▶ **Source data**:

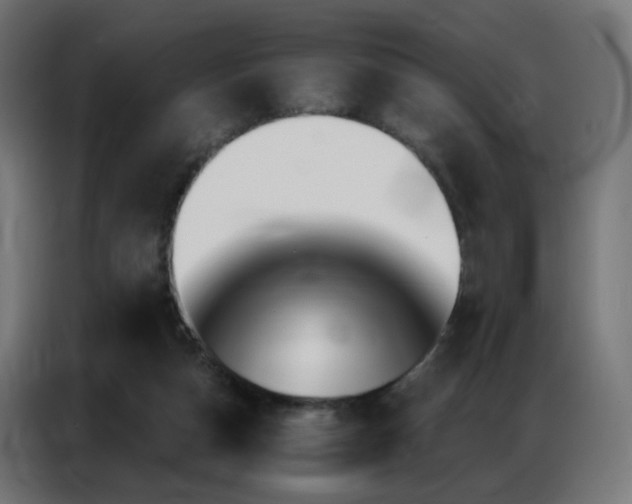 X0000086930162200704161432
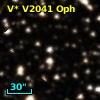 V* V2041 Oph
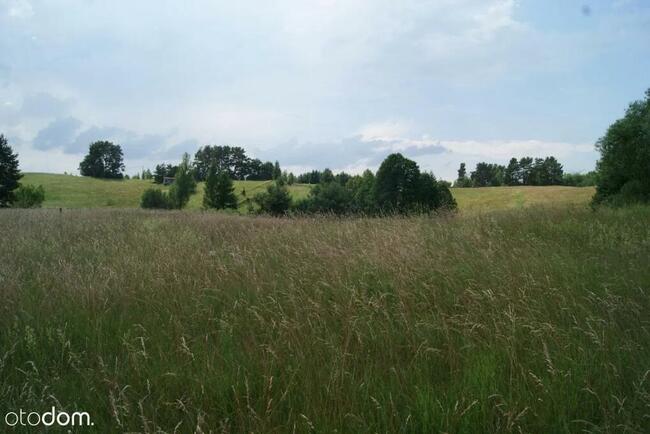 DUŻA DZIAŁKA nad jeziorem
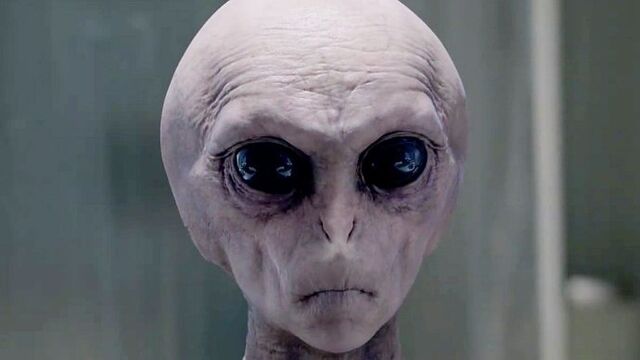 File:The-x-files-finale-scully-s-connection-to-aliens.jpg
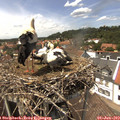 14_10-nest.jpg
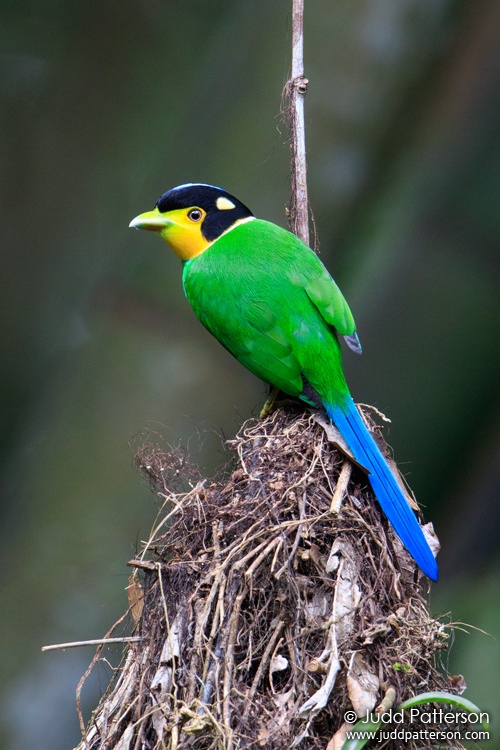 Long-tailed Broadbill, Kaeng Krachan National Park, Thailand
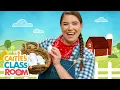 Download Lagu The Farmer In The Dell | Songs from Caitie's Classroom
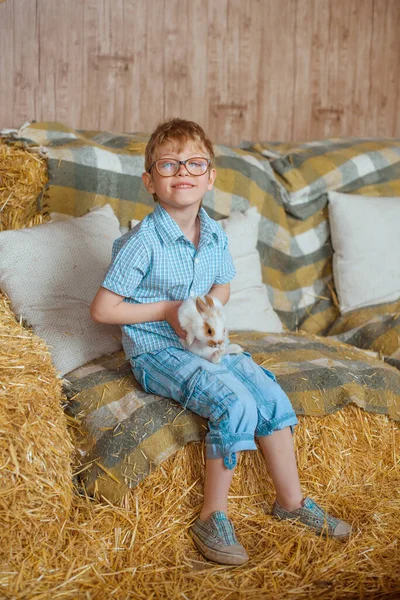 一个戴着蓝色格子呢T恤眼镜的男孩坐在被格子布毯子覆盖的草垛上 抱着一只白兔 — 图库照片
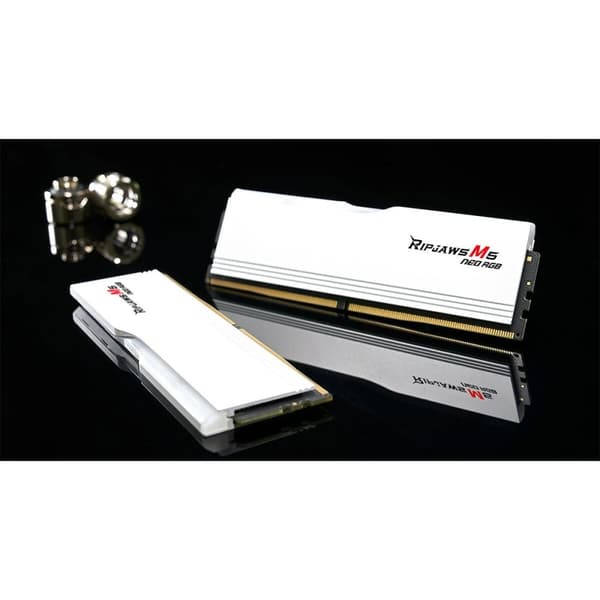 RAM-minne GSKILL F5-6000J3036F48GX2-RM5NRW 96 GB DDR5 cl30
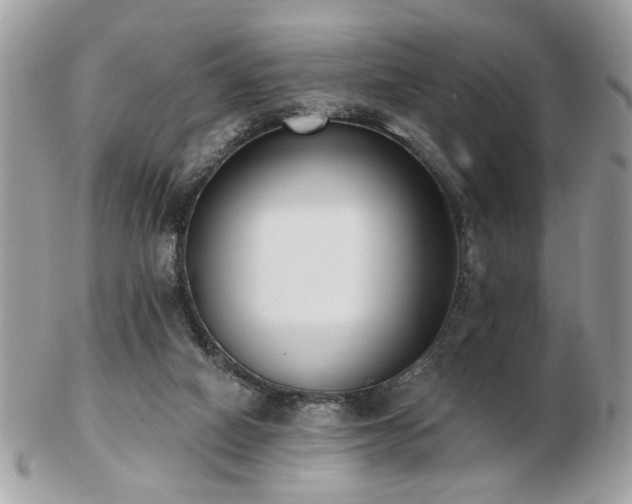 X0000103260066200808291227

▶ **What to work on**:
Your copy should match the listing exactly, apart from the pictures it leaves out.

▶ **Solution to this exercise**:
 X0000086930162200704161432
 V* V2041 Oph
 DUŻA DZIAŁKA nad jeziorem
 File:The-x-files-finale-scully-s-connection-to-aliens.jpg
 14_10-nest.jpg
 Long-tailed Broadbill, Kaeng Krachan National Park, Thailand
 Download Lagu The Farmer In The Dell | Songs from Caitie's Classroom
 一个戴着蓝色格子呢T恤眼镜的男孩坐在被格子布毯子覆盖的草垛上 抱着一只白兔 — 图库照片
 RAM-minne GSKILL F5-6000J3036F48GX2-RM5NRW 96 GB DDR5 cl30
 X0000103260066200808291227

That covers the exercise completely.